Lettera di saluto agli iscritti della ANPC da parte del Segretario Nazionale Bartolo Ciccardini
Cari amici,
è con commozione che ho accettato di continuare il lavoro di Bruno Olini presso l’Associazione Nazionale dei Partigiani Cristiani, sotto la guida del Presidente Gerardo Agostini, anche se sono convinto di non avere né i suoi meriti di valoroso partigiano combattente, né le sue capacità di organizzatore del movimento sociale dei cattolici.
Era forse necessario che io mandassi a voi un saluto precisando i valori e le idee che mi hanno indotto all’accettazione di questo servizio. Ma ritengo che sia cosa migliore per me utilizzare la testimonianza di Pietro Scoppola.

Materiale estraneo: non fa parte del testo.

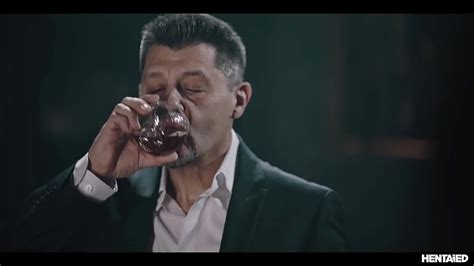 Resident Evil All The Way Through Xvideos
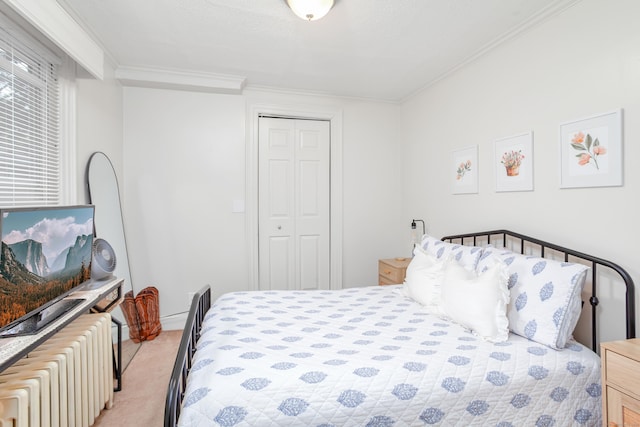 46 Chestnut St, Branford, CT 06405 - photo 18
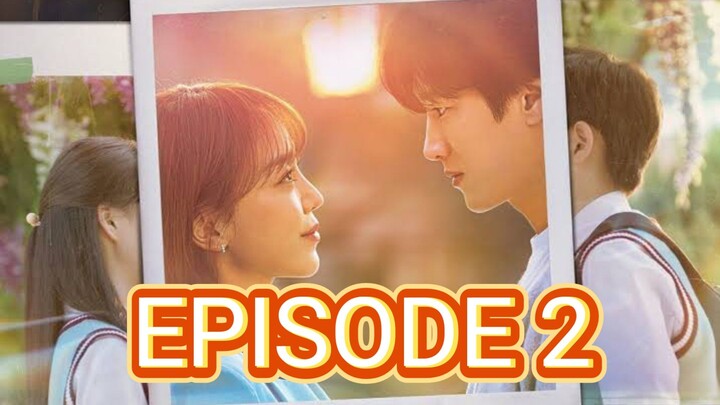 See You In My 19th Life (2023) - Episode 2 [ENG SUB]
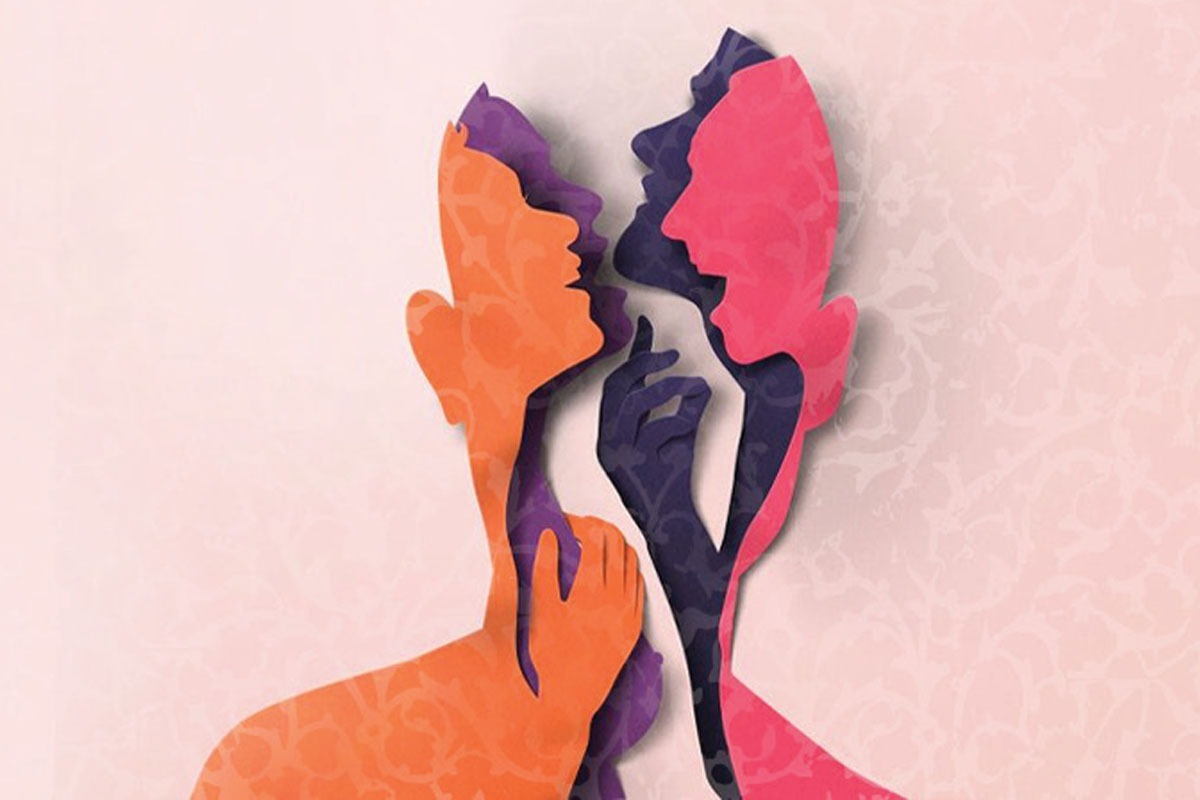 در دنیایی که پر از اختلاف‌های عقیدتی است، آیه قرآن به ما هشدار می‌دهد: احساسات خود را درباره مخالفان کنترل کنید و از هرگونه بددهنی و ناسزا بپرهیزید.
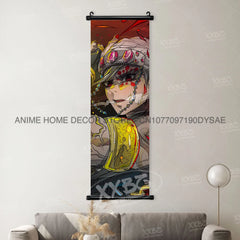 Sc384d9d00d40418aaf58b254d6f5cc858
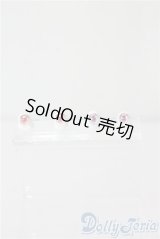 8mm/アニメアイ A-25-10-15-1034-TN-ZU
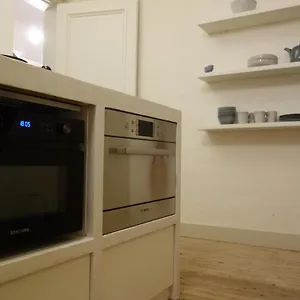 Minerva Séjour chez l'habitant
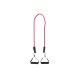 Balance Board / Soft Gymnastikball / Fitnessband-Set - B-Ware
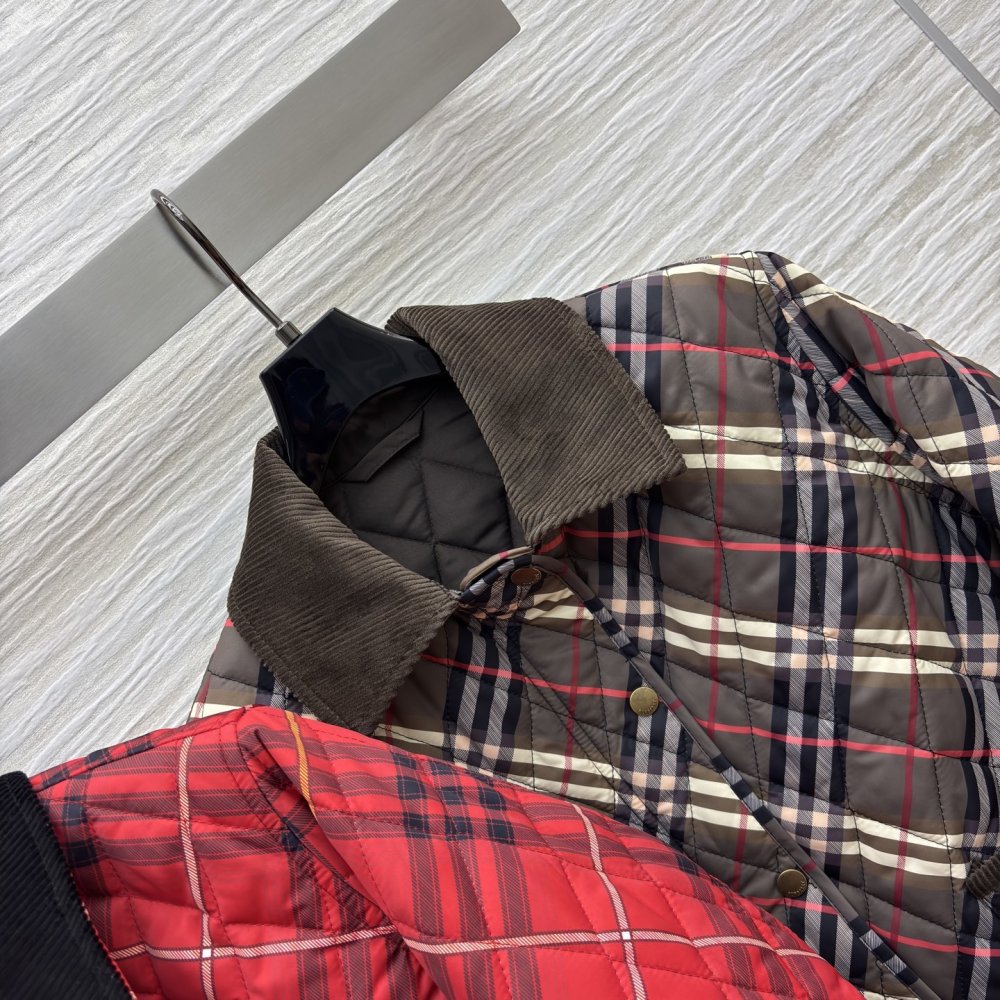 Куртка женская фото 6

Nella mia qualità di giornalista mi è capitato di descrivere una esperienza originale della Resistenza nel mio piccolo paese natale. Ero troppo giovane per essere un combattente, ma ero già abbastanza grande per poter ricordare e giudicare quel periodo importantissimo della storia d’Italia, che fu importante anche per la mia vita (Bartolo Ciccardini, La Resistenza di una comunità. La Repubblica autonoma di Cerreto d’Esi. Con prefazione di Pietro Scoppola. Edizioni Studium, Roma). Questo mio libricino è l’unico merito che io posso vantare rispetto a voi. Ma più importante del mio scritto è la prefazione che Pietro Scoppola con molta generosità ed amicizia ha ad esso dedicato.
Infatti, Pietro Scoppola, prende l’occasione dai fatti da me raccontati con semplicità ed amore di verità, per dare una giusta definizione della Resistenza, sia criticando alcuni giudizi radicali della polemica contro gli “attendisti”, sia esprimendo un giudizio severo sulla definizione della “zona grigia” dei “revisionisti”.
Infatti dai primi, soprattutto i comunisti, viene esaltata l’azione militare con una sottovalutazione della resistenza civile, spesso giudicata “attendista”. Dai secondi, non del tutto immuni dall’influenza dei nostalgici, la “zona grigia” viene rappresentata come inerzia morale di una maggioranza neutrale, estranea agli avvenimenti di una “guerra civile”, nella quale non si fa differenza fra le ragioni delle parti contendenti.
Questa prefazione di Pietro Scoppola, ridefinisce il valore della Resistenza e la sua importanza nella fondazione dei principi della Costituzione, ed è così “definitiva” da poter rappresentare l’ispirazione e la codificazione dei principi che ispirano la nostra Associazione.
Per questo, penso che sia più giusto, da parte mia, che non posso essere né maestro, né guida della vostra memoria e del vostro impegno, salutarvi e darvi il mo augurio con le parole di Pietro Scoppola, delle quali io non ho altro merito che quello di averle provocate, scrivendo la memoria dell’esperienza mia giovanile e della piccola storia del mio paese.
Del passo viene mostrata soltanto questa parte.